#2423 HIGH Trial-3: Journal does not find substrings

Sat Aug 4 20:01:37 EDT 2007

#2423: Journal does not find substrings
-------------------------------+--------------------------------------------
  Reporter:  bert              |       Owner:  bcsaller
      Type:  defect            |      Status:  new     
  Priority:  high              |   Milestone:  Trial-3 
 Component:  interface-design  |     Version:          
Resolution:                    |    Keywords:          
  Verified:  0                 |  
-------------------------------+--------------------------------------------
Changes (by Eben):

 * cc: krstic, marco, tomeu (added)
  * owner:  Eben => bcsaller

Comment:

 Well, there's a lot to consider.  We have 3 main things to search: titles,
 tags (+ metadata), and text.

 '''Case-sensetivity:'''  I think that its a safe bet to ignore case
 entirely in all aspects of the search.  Its use as a means of
 distinguishing proper nouns from arbitrary tags is small compared to the
 vast number of misses that it would likely cause.  Google has been doing
 pretty well ignoring case for years.

 '''Boolean logic:''' We'd like to default to OR logic because this will
 always return a superset of the AND results, and we feel it's better to
 provide excess matches than few or none.  Refining search terms and
 filters is much more pleasant than removing them to broaden a search.  We
 would, however, also like to support boolean search terms and
 parenthetical grouping when they are explicitly entered.  It might be nice
 to allow use of '&', '|', and '!' as well as the localized strings for
 'and', 'or' and 'not'.

 '''Fuzzy search:''' I opened ticket #2645 regarding fuzzy matches for
 search strings.  Since the kids using these machines are going to be both
 a) learning how to spell and b) learning how to type, we should expect
 inaccuracies in their search queries, which some amount of fuzziness could
 overcome.  As mentioned there, I think titles and tags could use fuzzy
 search, but it's not needed for full text.
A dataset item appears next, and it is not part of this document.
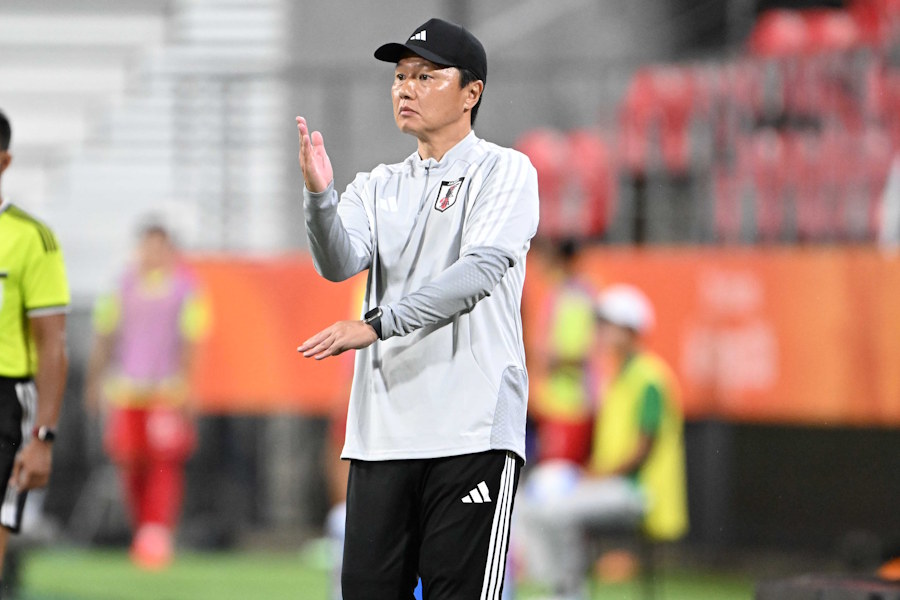 チームを率いる大岩剛監督【写真：徳原隆元】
 '''Partial matching:''' I think that partial matching is absolutely
 essential for titles, and I think it's probably also good to use for tags
 as well.  Since activity name, participants, etc should all be stored
 within the metadata, this would allow me to search for "Writ" and find all
 Write documents, or "Walt" and find all instances of activities I did with
 Walter.  Again, like fuzzy search, I think partial matching of full text
 is unnecessary and would provide far too many results.  If we really
 wanted to, we could allow explicit use of wildcards to force partial
 matches on text, but I think that's an edge case optimization.  Note that
 this partial match is not bidirectional:  a search for "ca" should match
 "cat", but another for "cathedral" should not. Also, phrases within single
 or double quotes should require a full match (though again, perhaps
 fuzzy).

 '''Tags:''' Tags are explicitly entered by the user.  We'd like to make
 their input as format agnostic as possible, so that we aren't forcing any
 given system upon the kids.  To do so we'd like to lay a base rule,
 stating that all tags are space delimited.  This, of course, means that
 you can't tag something as "white house" but only with the weaker pair of
 tags "white" and "house."  Again, we'd like to offer a few accommodations
 so that, while not required, advanced users can enter more accurate tags.
 For this reason, we can support 3 ways of entering a tag with spaces:

  1. Washington, white house, capitol
  2. washington "white house" capitol
  3. washingtin white_house capitol

 The first method assumes that, when commas are present, they are meant for
 delimiting a list.  Commas within quotes, if they exist, would be ignored.
 The second method uses quotes - single or double - to group two or more
 words into a single tag. Single quotes inside double quotes should be
 ignored. The last method replaces the space with an underscore in order to
 tie the words together.  Of course, since we allow partial matches,
 searching for "white" would return the entry regardless of how the tag was
 entered.  On the other hand, searching for "white house" or white_house
 would return only those with both terms in the tag, title, or text.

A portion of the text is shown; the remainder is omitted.